Write out each record exactly as given, but do not include the pictures.

── Provided material ──

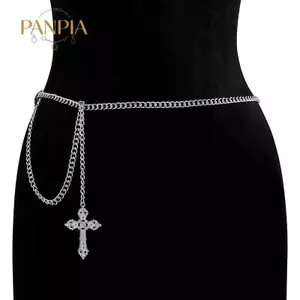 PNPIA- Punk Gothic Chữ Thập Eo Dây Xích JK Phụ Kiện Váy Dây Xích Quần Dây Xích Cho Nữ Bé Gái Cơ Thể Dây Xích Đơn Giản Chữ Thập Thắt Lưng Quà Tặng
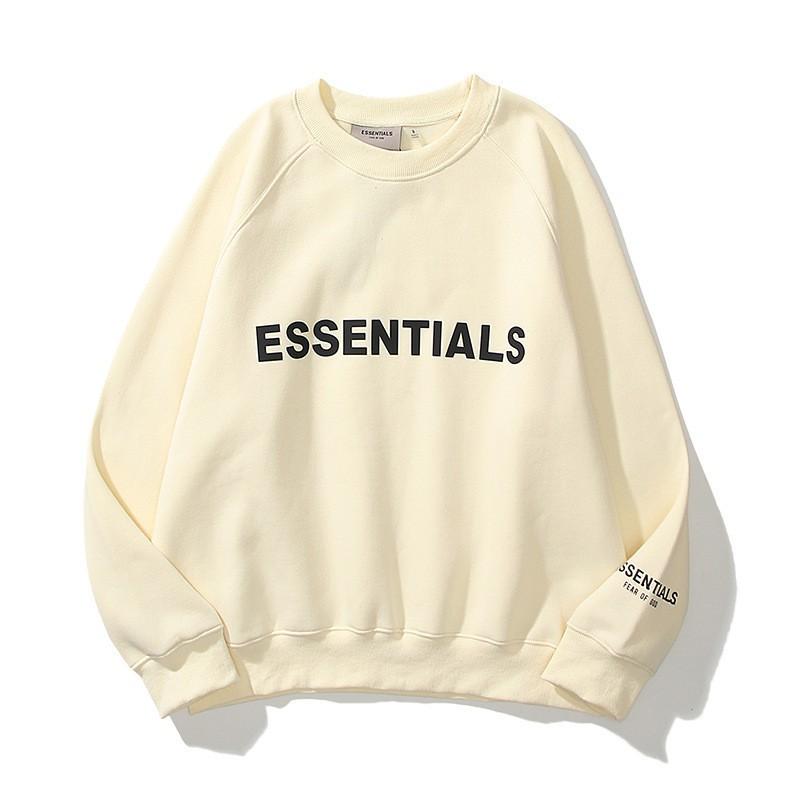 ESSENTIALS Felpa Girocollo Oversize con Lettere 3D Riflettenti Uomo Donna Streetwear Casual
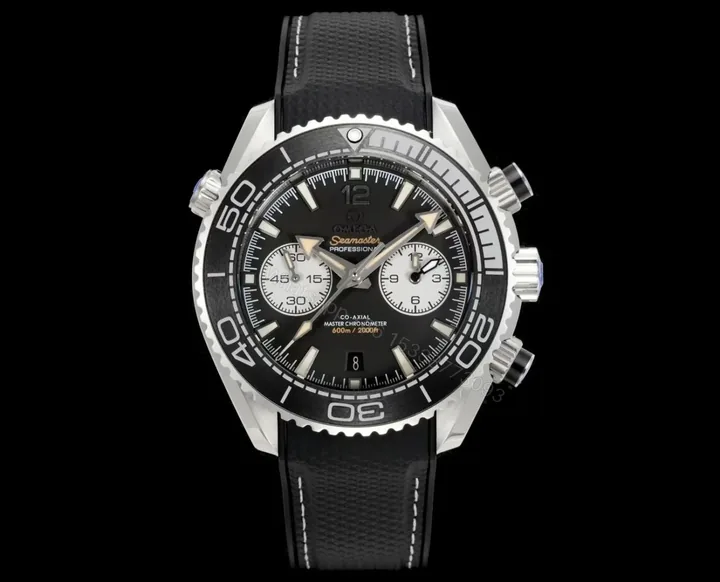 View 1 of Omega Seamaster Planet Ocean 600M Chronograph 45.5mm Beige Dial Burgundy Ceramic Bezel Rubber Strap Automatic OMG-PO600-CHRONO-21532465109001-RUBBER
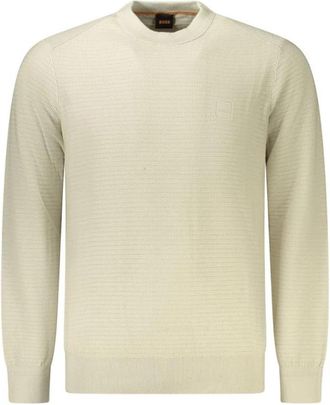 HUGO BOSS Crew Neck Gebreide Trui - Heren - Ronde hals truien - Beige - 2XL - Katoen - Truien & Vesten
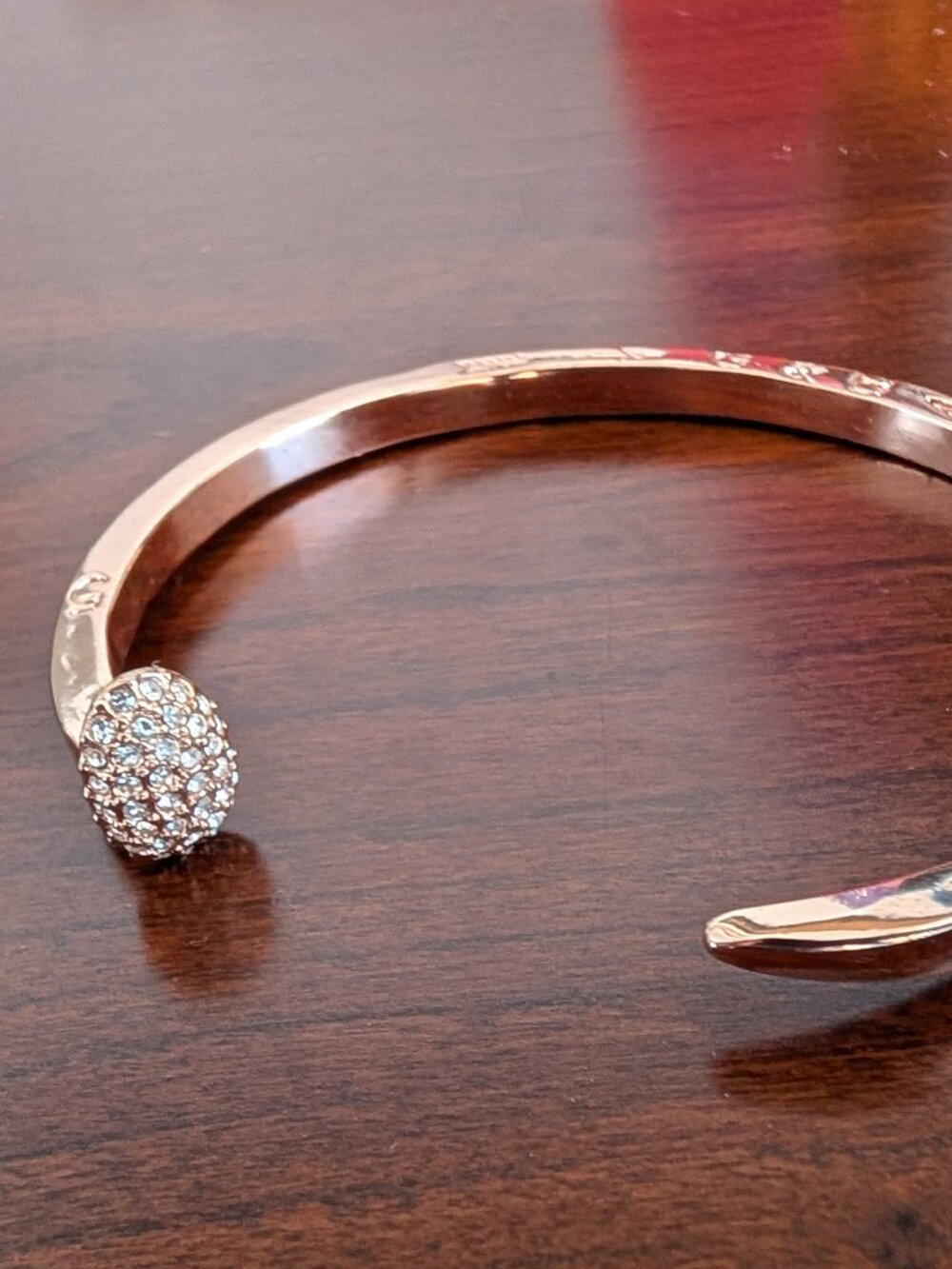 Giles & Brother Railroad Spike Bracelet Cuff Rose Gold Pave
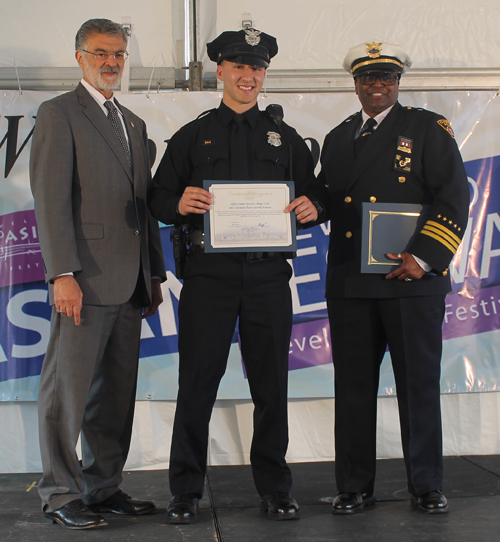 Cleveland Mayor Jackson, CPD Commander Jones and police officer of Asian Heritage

───

> **Response area**:
 PNPIA- Punk Gothic Chữ Thập Eo Dây Xích JK Phụ Kiện Váy Dây Xích Quần Dây Xích Cho Nữ Bé Gái Cơ Thể Dây Xích Đơn Giản Chữ Thập Thắt Lưng Quà Tặng
 ESSENTIALS Felpa Girocollo Oversize con Lettere 3D Riflettenti Uomo Donna Streetwear Casual
 View 1 of Omega Seamaster Planet Ocean 600M Chronograph 45.5mm Beige Dial Burgundy Ceramic Bezel Rubber Strap Automatic OMG-PO600-CHRONO-21532465109001-RUBBER
 HUGO BOSS Crew Neck Gebreide Trui - Heren - Ronde hals truien - Beige - 2XL - Katoen - Truien & Vesten
 Giles & Brother Railroad Spike Bracelet Cuff Rose Gold Pave
 Cleveland Mayor Jackson, CPD Commander Jones and police officer of Asian Heritage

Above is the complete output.